Bückeburg.  Es werde Musik aus der Zeit des Baus der Stadtkirche erklingen, hatte Oberprediger Wieland Kastning in seiner Begrüßung angekündigt. Und ausgeführt, dass man „die Töne von damals“ hören werde. Eine reizvolle Zeitreise sollte es also werden, eine Beschwörung der Klangwelt von einst. All das war das Konzert, und es war doch so viel mehr.

 Schon nach den ersten Takten der „Hamburger Ratsmusik“ war klar, dass der Auftakt des an musikalischen Angeboten reichen Jubiläum-Kalenders zugleich sein erster Höhepunkt sein würde. Und überhaupt: Wer könnte besser geeignet sein, die „Musik der Bückeburger Hofkapelle“ (so lautete das Motto des Programms) zu Gehör zu bringen, als die „Hamburger Ratsmusik“, deren Anfänge bis ins 16.Jahrhundert zurückreichen und die ähnlich aufgebaut war wie die „Bückeburger Hofkapelle? An diese Tradition anknüpfend hat die Gambistin Simone Eckert 1991 ein Ensemble gegründet, dass sich der sogenannten „Alten Musik“ verschrieben hat. Sprich: der europäischen Musikstile des Mittelalters, der Renaissance und des Barocks. Beim Konzert in der Stadtkirche standen ihr Christoph Heidemann (Violine), Ulrich Wedemeier (Laute) und als Gast Ute Mai (Viola da gamba) sowie Ina Siedlaczek (Sopran) zur Seite.

 Das Konzert selbst war dann wie eine Reise in die Zeit von vor 400 Jahren. Fast konnte man den Eindruck gewinnen, dass sich in der Fürsten-Loge etwas bewegte. War das vielleicht Fürst Ernst, der den neuen, alten Klängen lauschte? Schließlich ist es der Name Ernst zu Holstein-Schaumburg, mit dem die Geschichte der Bückeburger Hofkapelle untrennbar verbunden ist. Es war Ernst, der schon früh Gefallen an der englischen Gamben- und Lautenmusik fand und zahlreiche Engländer nach Bückeburg holte. Was sich auch in der Besetzung der Hofkapelle widerspiegelt, in der die Gruppe englischer Musiker um Thomas Simpson und William Brade eine Sonderstellung einnahmen. In einem Brief schreibt Ernst: Allein aus Liebe der Musica habe er „etzliche Engeländer“ angenommen.

 Wie viel sich Ernst seine Liebe zur Musik kosten ließ, zeigt ein später aufgestelltes Inventar, das ein vielfältiges Instrumentarium, bestehend aus Gamben, Geigen, Kammerposaunen, Fagotten, Flöten, Trompeten oder Posaunen belegt. Erst diese Vielfalt war es, die ein Musizieren in ständig wechselnder Besetzung („in vielerlei Manieren“) möglich machte und die Musik am Hofe zu voller Blüte brachte. John Taylor sprach nach einem Gottesdienst in der Schlosskirche sogar von „sphärischer Engelsmusik“. Damit war mit dem Tod des Fürsten Ernst im Jahr 1622 erst einmal Schluss. Nur etwa die Hälfte der Musiker blieb am Hof in Bückeburg.

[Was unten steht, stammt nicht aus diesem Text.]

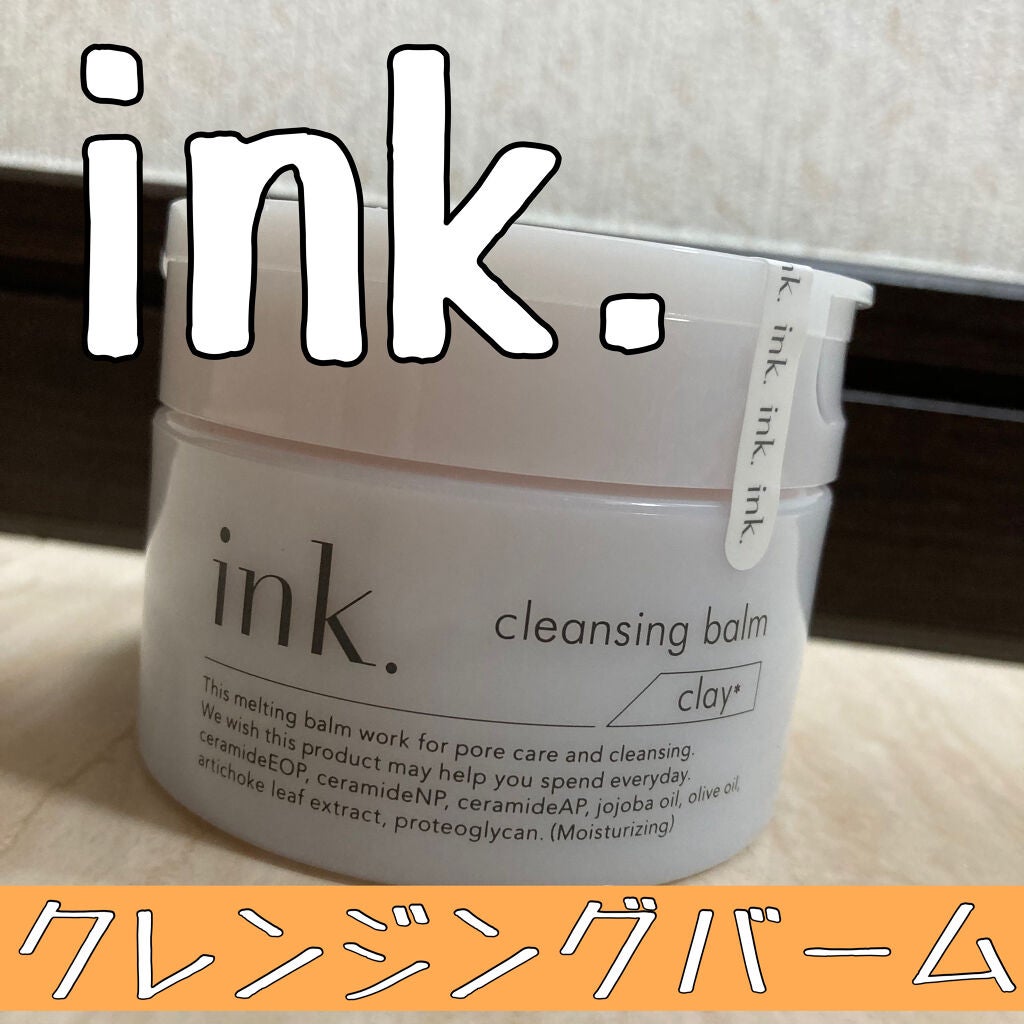 クレンジングバーム/ink./クレンジングバームを使ったクチコミ(1枚目)
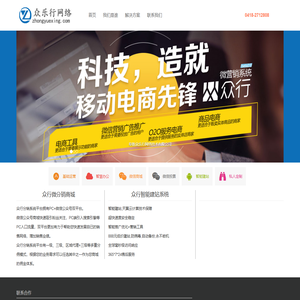 阜新众乐行网络技术有限公司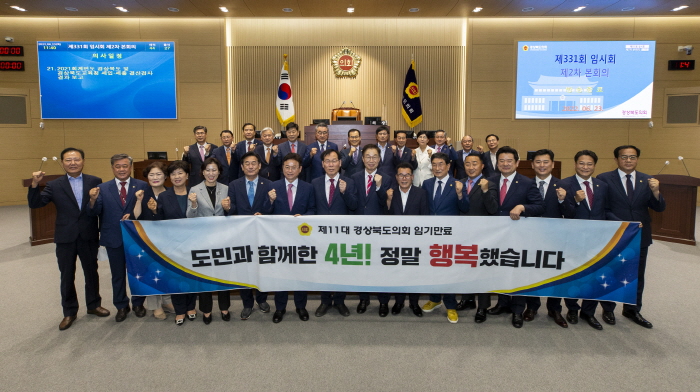 제11대 경북도의회 ‘역사 속으로~’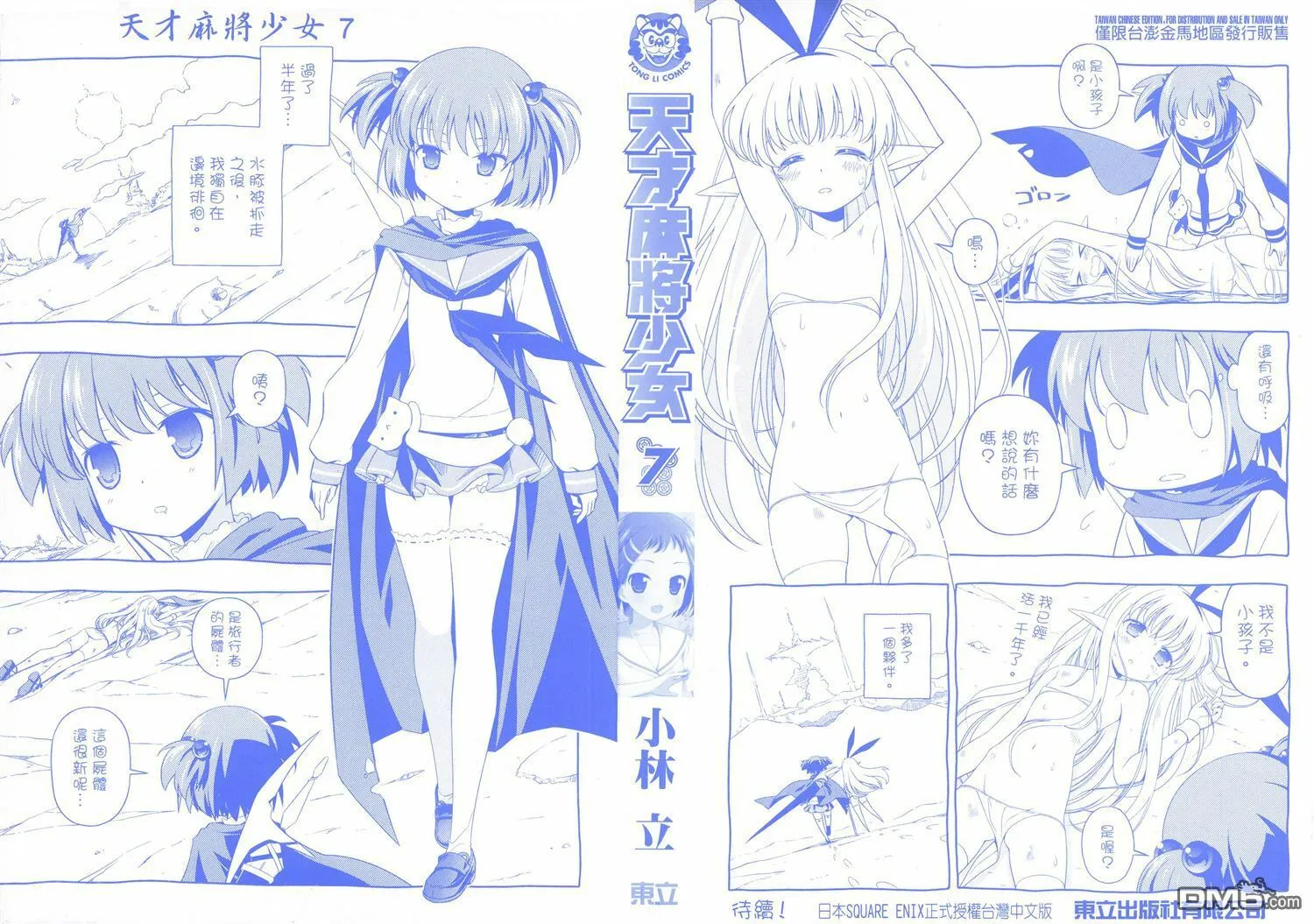 第6卷 第172页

Das habe einem „außerordentlichen Musikleben“, so Hildegard Tiggemann in ihren „Studien zur Musikgeschichte Bückeburgs vom 16. bis zum 20. Jahrhundert“, ein Ende bereitet.

 Etwas weniger als 400 Jahre später erlebte die Musik der Hofkapelle in der Stadtkirche eine Auferstehung. Die Musiker der „Hamburger Ratsmusik“ brachten Werke von William Brade („Der Königinnen Intrada“ und „Der Edelburschen Tanz“), Conrad Hagius („Es stehet geschrieben“, „Herzlich tut mich erfreuen“ aus „Neue deudsche Tricinien“) oder Thomas Simpson („Volta“) und – gleichsam als Zusammenfassung des Repertoires der Kapelle – das „Taffel-Consort“ zu Gehör. Alle drei Komponisten haben damals selbst in der Hofkapelle gespielt.

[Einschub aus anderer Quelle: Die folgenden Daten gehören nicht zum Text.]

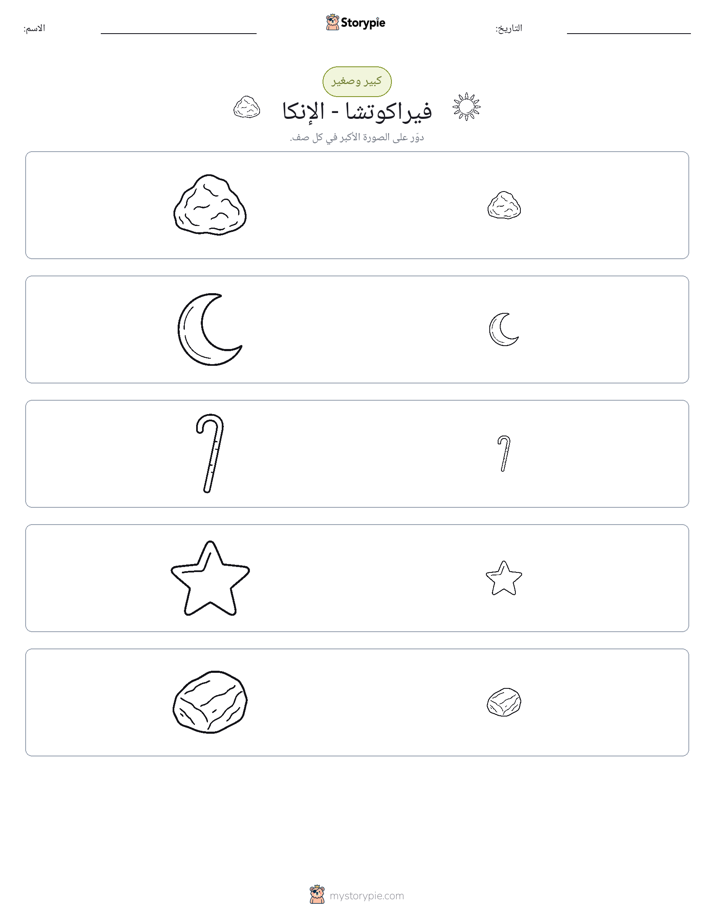 فرز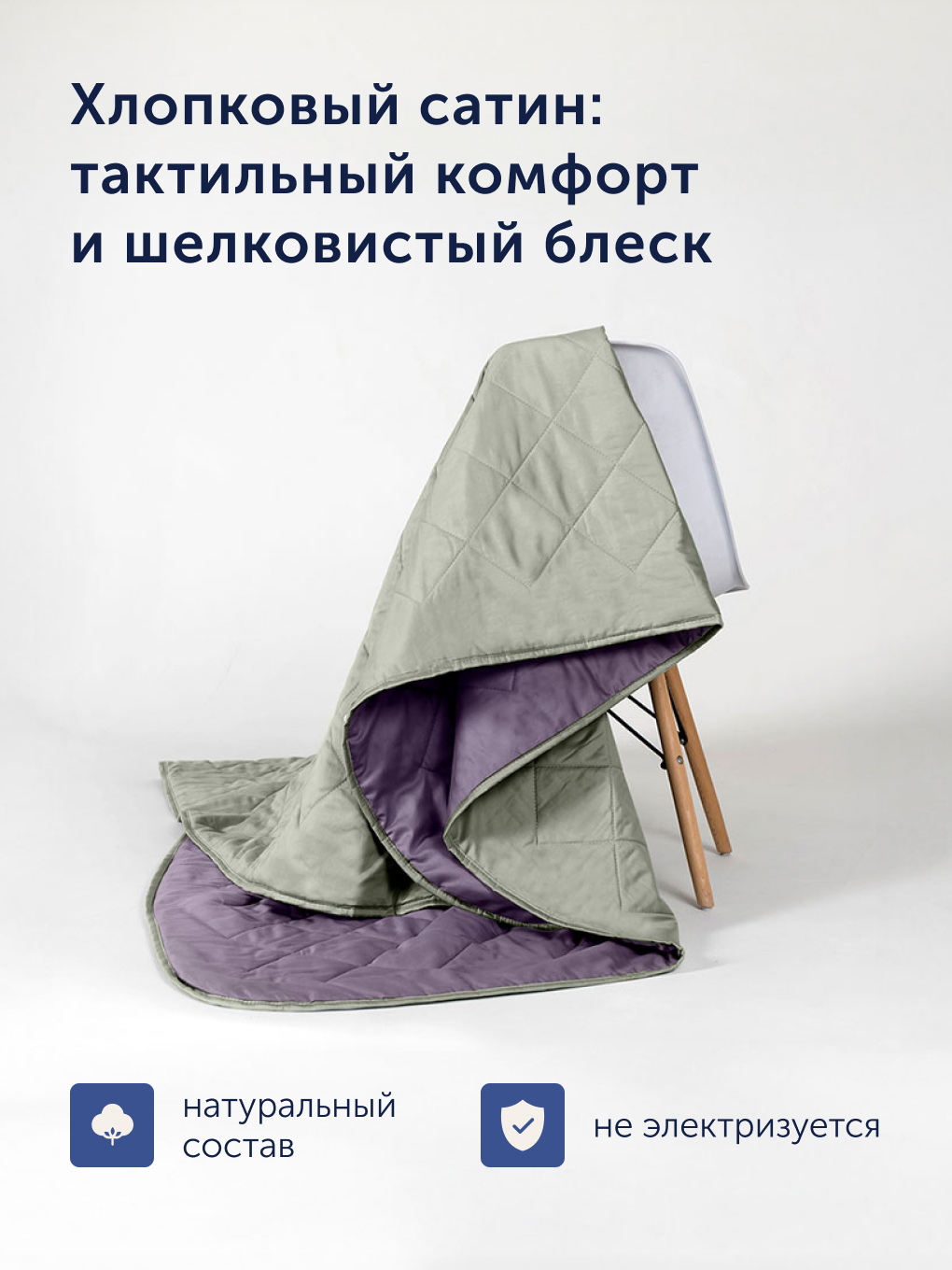 Покрывало buyson БайКолор 160 x 220 см хлопок - фото 2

 Als echter „Ohrwurm“ mit einer wunderschönen Melodie entpuppte sich „Come again“, das Sopranistin Ina Siedlaczek sehr zart und zurückhaltend intonierte. Schon im elizabethanischen Zeitalter war das Lied ein gesamteuropäischer Hit gewesen, der „bei Fürstens“ höchst beliebt war. Ein weiterer Höhepunkt: die „Galliarde“ von Michael Praetorius, die schwerelos und sehr graziös daherkommt. Robert Johnsons „Satyr’s Dance“ spielt Simone Eckert mit einem subtilen Silberglanz und viel Kontur. Fast wirkt es, als tanze sie mit der Gambe – kaum jemand, der an diesem Abend nicht sein Herz an dieses Instrument verloren haben dürfte.

 Insgesamt war es ein wunderbares Konzert, dank eines frischen und spielfreudigen Ensembles und einer wunderbar lyrisch klingenden Ina Siedlaczek. Was die „Hamburger Ratsmusik“ vor allen anderen auszeichnet, ist eine lebendige Artikulation und eine durchdachte Interpretation. Ein feinsinniges, nuancenreiches, betörendes Zusammenspiel. „Alte Musik“? Von wegen! So frisch und natürlich, so elegant und schwungvoll hat man die Klassiker von einst selten gehört.